▶ DATASET CONTENT:

---

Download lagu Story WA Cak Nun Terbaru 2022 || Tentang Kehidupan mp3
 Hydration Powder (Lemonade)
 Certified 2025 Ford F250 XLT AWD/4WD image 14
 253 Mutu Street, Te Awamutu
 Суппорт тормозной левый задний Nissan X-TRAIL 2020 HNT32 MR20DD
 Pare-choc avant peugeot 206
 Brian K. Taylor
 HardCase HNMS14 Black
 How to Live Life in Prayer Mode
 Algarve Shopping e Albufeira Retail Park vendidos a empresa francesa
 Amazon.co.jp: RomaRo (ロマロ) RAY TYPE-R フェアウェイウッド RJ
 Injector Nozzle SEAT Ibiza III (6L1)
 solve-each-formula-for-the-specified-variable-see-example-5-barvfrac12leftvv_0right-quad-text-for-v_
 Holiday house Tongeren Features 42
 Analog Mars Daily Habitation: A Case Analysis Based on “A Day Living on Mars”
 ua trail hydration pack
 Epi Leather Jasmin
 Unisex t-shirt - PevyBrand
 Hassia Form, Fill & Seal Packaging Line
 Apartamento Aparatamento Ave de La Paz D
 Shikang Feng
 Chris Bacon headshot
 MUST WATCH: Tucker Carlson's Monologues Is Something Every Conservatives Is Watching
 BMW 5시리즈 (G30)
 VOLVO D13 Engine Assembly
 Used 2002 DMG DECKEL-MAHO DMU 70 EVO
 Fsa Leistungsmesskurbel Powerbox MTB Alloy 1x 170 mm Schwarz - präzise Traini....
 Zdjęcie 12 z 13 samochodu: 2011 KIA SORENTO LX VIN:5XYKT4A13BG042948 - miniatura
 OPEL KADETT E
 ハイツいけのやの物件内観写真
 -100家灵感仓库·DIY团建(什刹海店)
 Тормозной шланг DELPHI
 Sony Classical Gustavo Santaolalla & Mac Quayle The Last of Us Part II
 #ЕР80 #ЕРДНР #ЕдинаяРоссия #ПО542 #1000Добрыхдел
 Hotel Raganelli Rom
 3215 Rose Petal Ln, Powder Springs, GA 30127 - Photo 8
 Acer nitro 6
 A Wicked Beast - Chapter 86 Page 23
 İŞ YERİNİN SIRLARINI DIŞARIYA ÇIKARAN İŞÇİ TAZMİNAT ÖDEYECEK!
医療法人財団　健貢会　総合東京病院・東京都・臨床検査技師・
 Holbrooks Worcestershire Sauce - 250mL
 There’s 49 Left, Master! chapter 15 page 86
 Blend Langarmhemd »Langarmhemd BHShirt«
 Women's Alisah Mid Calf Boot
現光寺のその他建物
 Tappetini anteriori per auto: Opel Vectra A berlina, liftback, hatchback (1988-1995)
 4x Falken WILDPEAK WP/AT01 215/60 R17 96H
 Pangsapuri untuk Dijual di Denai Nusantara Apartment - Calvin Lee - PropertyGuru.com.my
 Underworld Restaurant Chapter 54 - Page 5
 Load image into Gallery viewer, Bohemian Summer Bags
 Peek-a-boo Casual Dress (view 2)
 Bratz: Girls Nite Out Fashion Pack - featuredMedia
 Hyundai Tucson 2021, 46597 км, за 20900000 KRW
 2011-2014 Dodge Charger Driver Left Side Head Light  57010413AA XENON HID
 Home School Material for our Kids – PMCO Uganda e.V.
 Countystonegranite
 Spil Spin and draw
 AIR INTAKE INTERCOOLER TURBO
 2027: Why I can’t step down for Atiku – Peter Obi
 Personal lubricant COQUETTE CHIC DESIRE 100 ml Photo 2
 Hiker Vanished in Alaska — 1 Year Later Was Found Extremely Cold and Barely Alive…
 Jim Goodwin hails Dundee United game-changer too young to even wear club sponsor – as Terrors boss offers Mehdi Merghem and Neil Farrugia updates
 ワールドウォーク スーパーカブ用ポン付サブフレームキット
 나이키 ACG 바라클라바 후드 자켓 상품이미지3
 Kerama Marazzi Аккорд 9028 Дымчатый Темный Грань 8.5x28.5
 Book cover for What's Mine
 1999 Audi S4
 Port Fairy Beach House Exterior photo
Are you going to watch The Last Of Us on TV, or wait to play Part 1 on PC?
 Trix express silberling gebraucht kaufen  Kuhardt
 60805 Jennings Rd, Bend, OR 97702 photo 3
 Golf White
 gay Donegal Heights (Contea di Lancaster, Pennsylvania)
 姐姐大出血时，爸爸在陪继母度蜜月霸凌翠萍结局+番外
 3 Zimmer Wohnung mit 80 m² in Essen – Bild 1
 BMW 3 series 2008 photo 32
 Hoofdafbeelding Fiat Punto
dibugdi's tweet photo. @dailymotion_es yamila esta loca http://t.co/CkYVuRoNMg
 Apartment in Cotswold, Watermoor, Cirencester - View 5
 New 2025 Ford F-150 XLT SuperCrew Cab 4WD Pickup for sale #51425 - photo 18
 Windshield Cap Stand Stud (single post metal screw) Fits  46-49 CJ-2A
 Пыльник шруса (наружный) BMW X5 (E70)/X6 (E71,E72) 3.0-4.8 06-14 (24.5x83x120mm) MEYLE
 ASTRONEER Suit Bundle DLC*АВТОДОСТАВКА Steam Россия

---

▶ WORK INSTRUCTION:
From first line to last, transcribe the material exactly.

▶ RESPONSE TO THE EXERCISE:
Download lagu Story WA Cak Nun Terbaru 2022 || Tentang Kehidupan mp3
 Hydration Powder (Lemonade)
 Certified 2025 Ford F250 XLT AWD/4WD image 14
 253 Mutu Street, Te Awamutu
 Суппорт тормозной левый задний Nissan X-TRAIL 2020 HNT32 MR20DD
 Pare-choc avant peugeot 206
 Brian K. Taylor
 HardCase HNMS14 Black
 How to Live Life in Prayer Mode
 Algarve Shopping e Albufeira Retail Park vendidos a empresa francesa
 Amazon.co.jp: RomaRo (ロマロ) RAY TYPE-R フェアウェイウッド RJ
 Injector Nozzle SEAT Ibiza III (6L1)
 solve-each-formula-for-the-specified-variable-see-example-5-barvfrac12leftvv_0right-quad-text-for-v_
 Holiday house Tongeren Features 42
 Analog Mars Daily Habitation: A Case Analysis Based on “A Day Living on Mars”
 ua trail hydration pack
 Epi Leather Jasmin
 Unisex t-shirt - PevyBrand
 Hassia Form, Fill & Seal Packaging Line
 Apartamento Aparatamento Ave de La Paz D
 Shikang Feng
 Chris Bacon headshot
 MUST WATCH: Tucker Carlson's Monologues Is Something Every Conservatives Is Watching
 BMW 5시리즈 (G30)
 VOLVO D13 Engine Assembly
 Used 2002 DMG DECKEL-MAHO DMU 70 EVO
 Fsa Leistungsmesskurbel Powerbox MTB Alloy 1x 170 mm Schwarz - präzise Traini....
 Zdjęcie 12 z 13 samochodu: 2011 KIA SORENTO LX VIN:5XYKT4A13BG042948 - miniatura
 OPEL KADETT E
 ハイツいけのやの物件内観写真
 -100家灵感仓库·DIY团建(什刹海店)
 Тормозной шланг DELPHI
 Sony Classical Gustavo Santaolalla & Mac Quayle The Last of Us Part II
 #ЕР80 #ЕРДНР #ЕдинаяРоссия #ПО542 #1000Добрыхдел
 Hotel Raganelli Rom
 3215 Rose Petal Ln, Powder Springs, GA 30127 - Photo 8
 Acer nitro 6
 A Wicked Beast - Chapter 86 Page 23
 İŞ YERİNİN SIRLARINI DIŞARIYA ÇIKARAN İŞÇİ TAZMİNAT ÖDEYECEK!
医療法人財団　健貢会　総合東京病院・東京都・臨床検査技師・
 Holbrooks Worcestershire Sauce - 250mL
 There’s 49 Left, Master! chapter 15 page 86
 Blend Langarmhemd »Langarmhemd BHShirt«
 Women's Alisah Mid Calf Boot
現光寺のその他建物
 Tappetini anteriori per auto: Opel Vectra A berlina, liftback, hatchback (1988-1995)
 4x Falken WILDPEAK WP/AT01 215/60 R17 96H
 Pangsapuri untuk Dijual di Denai Nusantara Apartment - Calvin Lee - PropertyGuru.com.my
 Underworld Restaurant Chapter 54 - Page 5
 Load image into Gallery viewer, Bohemian Summer Bags
 Peek-a-boo Casual Dress (view 2)
 Bratz: Girls Nite Out Fashion Pack - featuredMedia
 Hyundai Tucson 2021, 46597 км, за 20900000 KRW
 2011-2014 Dodge Charger Driver Left Side Head Light  57010413AA XENON HID
 Home School Material for our Kids – PMCO Uganda e.V.
 Countystonegranite
 Spil Spin and draw
 AIR INTAKE INTERCOOLER TURBO
 2027: Why I can’t step down for Atiku – Peter Obi
 Personal lubricant COQUETTE CHIC DESIRE 100 ml Photo 2
 Hiker Vanished in Alaska — 1 Year Later Was Found Extremely Cold and Barely Alive…
 Jim Goodwin hails Dundee United game-changer too young to even wear club sponsor – as Terrors boss offers Mehdi Merghem and Neil Farrugia updates
 ワールドウォーク スーパーカブ用ポン付サブフレームキット
 나이키 ACG 바라클라바 후드 자켓 상품이미지3
 Kerama Marazzi Аккорд 9028 Дымчатый Темный Грань 8.5x28.5
 Book cover for What's Mine
 1999 Audi S4
 Port Fairy Beach House Exterior photo
Are you going to watch The Last Of Us on TV, or wait to play Part 1 on PC?
 Trix express silberling gebraucht kaufen  Kuhardt
 60805 Jennings Rd, Bend, OR 97702 photo 3
 Golf White
 gay Donegal Heights (Contea di Lancaster, Pennsylvania)
 姐姐大出血时，爸爸在陪继母度蜜月霸凌翠萍结局+番外
 3 Zimmer Wohnung mit 80 m² in Essen – Bild 1
 BMW 3 series 2008 photo 32
 Hoofdafbeelding Fiat Punto
dibugdi's tweet photo. @dailymotion_es yamila esta loca http://t.co/CkYVuRoNMg
 Apartment in Cotswold, Watermoor, Cirencester - View 5
 New 2025 Ford F-150 XLT SuperCrew Cab 4WD Pickup for sale #51425 - photo 18
 Windshield Cap Stand Stud (single post metal screw) Fits  46-49 CJ-2A
 Пыльник шруса (наружный) BMW X5 (E70)/X6 (E71,E72) 3.0-4.8 06-14 (24.5x83x120mm) MEYLE
 ASTRONEER Suit Bundle DLC*АВТОДОСТАВКА Steam Россия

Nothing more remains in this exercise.